> _ACTION ITEM_
The expected output is every line of the data exactly as shown, minus the images.

> _EXERCISE DATA_
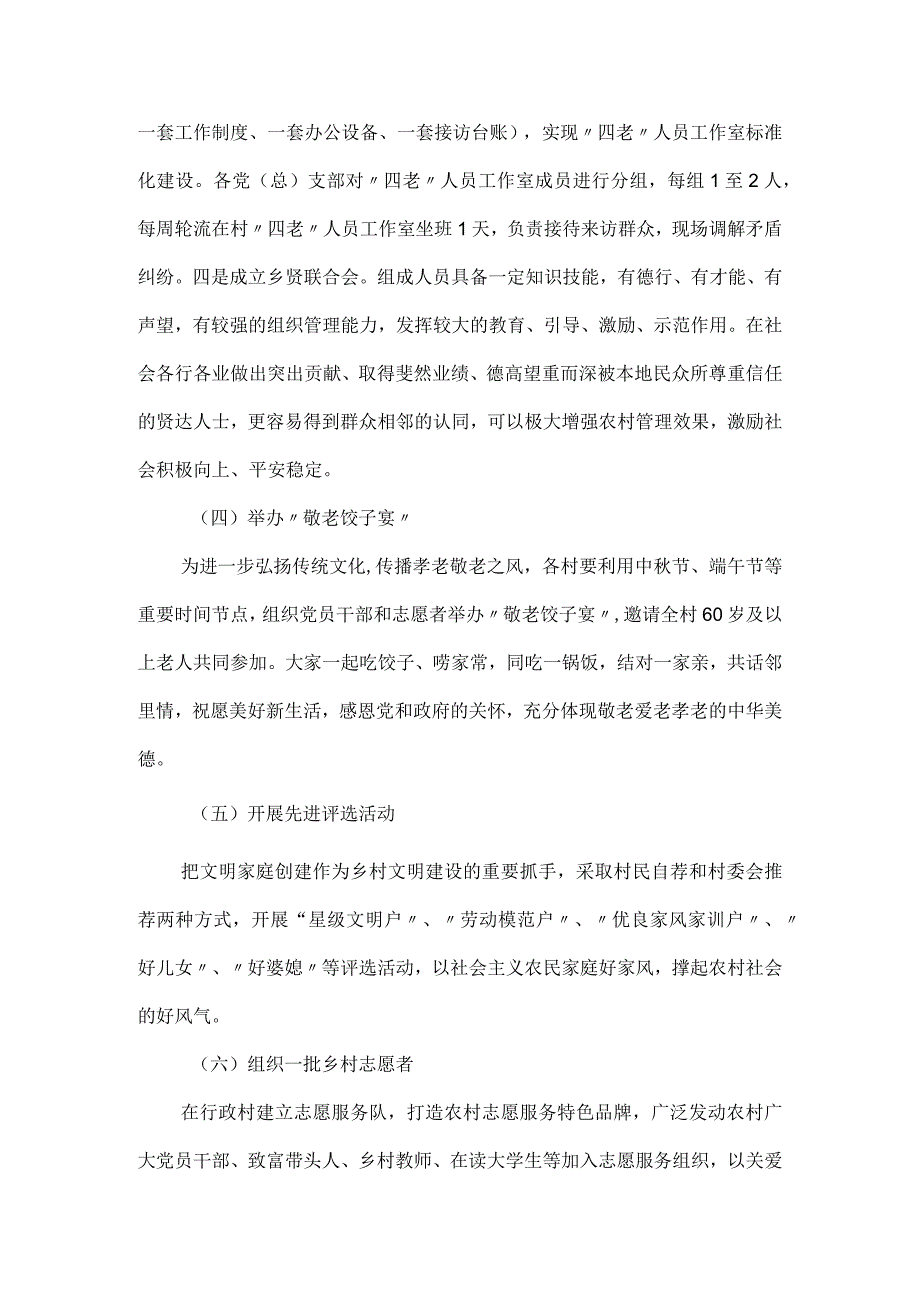 乡镇2023年乡风文明建设工作实施方案最新范文.docx_第3页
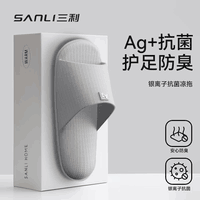 三利抗菌拖鞋防滑室内家居凉拖鞋男士女浴室外穿夏 灰色 42-43 【适合41-42】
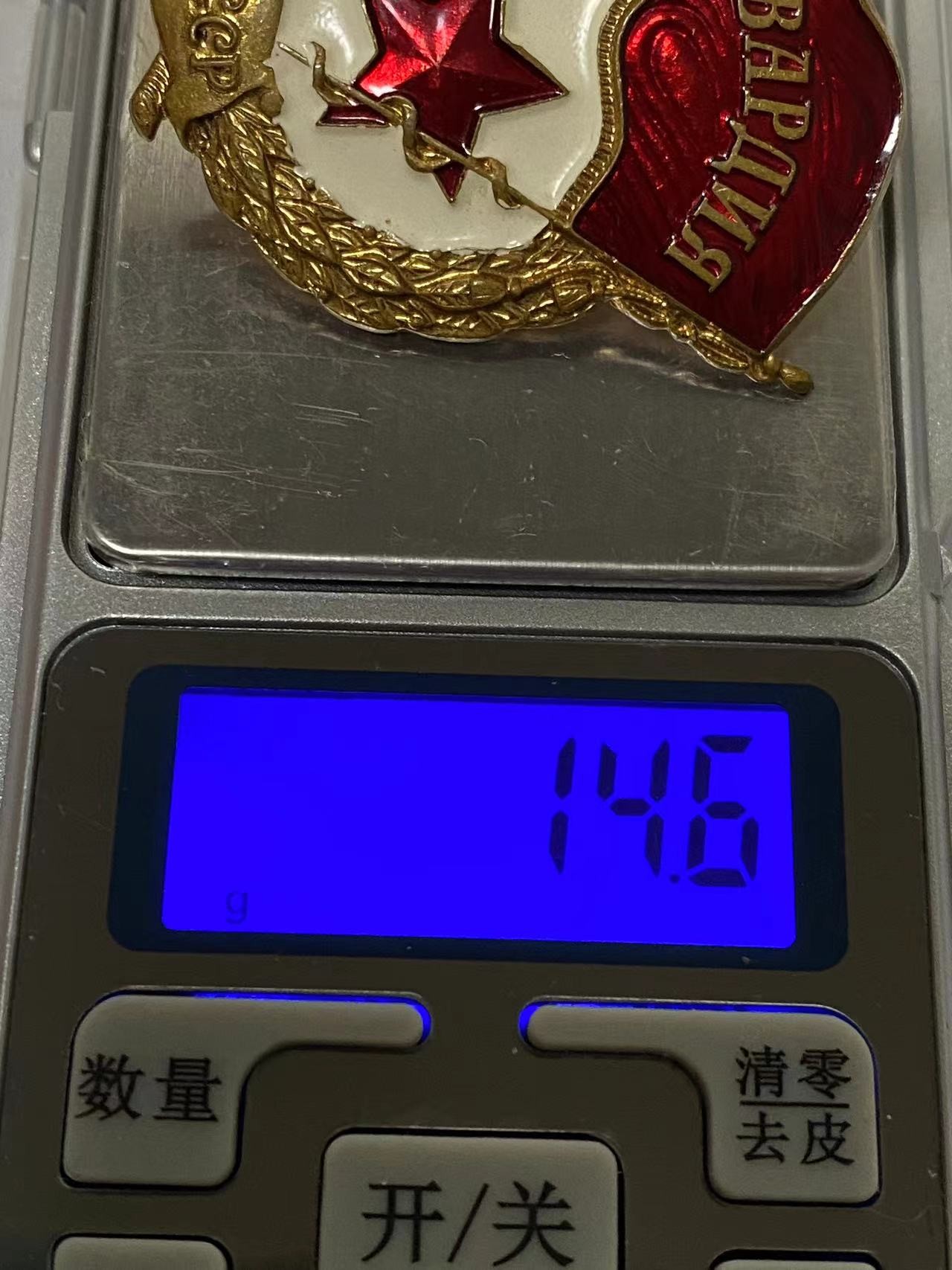 苏联勋章奖章4月3日拍卖第九期4月6日晚上九点结束 苏联近卫军胸章品相镀金都挺好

> _FINAL ANSWER_
 乡镇2023年乡风文明建设工作实施方案最新范文.docx_第3页
 三利抗菌拖鞋防滑室内家居凉拖鞋男士女浴室外穿夏 灰色 42-43 【适合41-42】
 苏联勋章奖章4月3日拍卖第九期4月6日晚上九点结束 苏联近卫军胸章品相镀金都挺好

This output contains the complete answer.